Learning Programming through Examples and Errors (for Non-programmers)
At this very moment, I only have notes for R. I will expand these to Python eventually.
What do you mean by teaching R via examples and errors?
The biggest challenge and annoyance for many non-programmers who want to learn programming is:
- The overwhelming details that create a steep learning curve yet seem useless for early programming
- The shallow amount of details when learning via copy/pasting code because you don’t have the confidence how things would change in practice.
This is written to strike a balance for people who feel both problems. To achieve this, we will introduce the programming concepts that immediately benefit some data analysis. We will also introduce examples and errors that will help correct your misconceptions of the code. We will constantly ask you to predict/guess what would happen under a different scenario to deepen your understanding.
Specifically, we will focus on data wrangling and simulations (e.g. working with non-rectangular data, joins, for-loops) but will not focus on data structures and algorithms efficiencies (e.g. sorting, recursion, differences between long vs double).
My assumptions
My assumption is that you have been exposed to
- basic statistical concepts like the average, sample standard deviation (vs population variance), and histograms.

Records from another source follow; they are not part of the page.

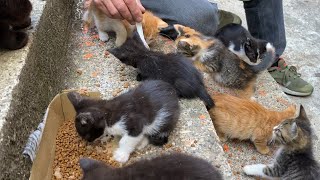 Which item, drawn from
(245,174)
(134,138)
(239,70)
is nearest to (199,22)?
(239,70)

- Used a calculator before
Computer setting up
I encourage you to set up Jupyter Notebooks on your computer so you could learn R, Python, or Julia in the future.
Problems
- Problem 1, How to simulate Law of Large Numbers?
- Variables
- Functions, arguments, default values
- Random functions that create fake data
- For-loops
- Problem 2, How to visualize data?
- Data types beyond numeric values (character, enums/factors, booleans, data frames, missing values)
- Subsetting data
- Plotting
- Problem 3, Issues with naming variables
- Scope
- Using
print()
to understand the behavior of programs
- Problem 4, Data wrangling
- Lists
- JOINs between data tables
- Wrangling with hierarchical (nested) data into rectangular formats
- Problem 5, Summarizing segments of data quickly
- Vectorized functions and alternatives to for-loops
- group-by then aggregate
- Problem 6, Working with text data
- reading in raw text
- Specifying patterns for computers (regular expression)
- date/time values
- Problem 7, Scraping and calling APIs
- Getting data from the internet programmatically
- Problem 8, Validating math using simulations
- Hypothesis testing beyond the t-test: permutation tests
- Intro to statistical computing, beyond data analysis!
What we won’t cover
What we won’t cover that you should learn in other computing courses:
- Data structure which is much deeper than the data types we’ve been discussing
- Algorithms, recursion, sorting which will deepen your knowledge of computational complexity
- Structuring code or a data pipeline
- Working backwards from a list of specifications.
- How to wrangle/analyze big data, i.e. where data is stored across multiple machines beyond just your computer.
- … many many more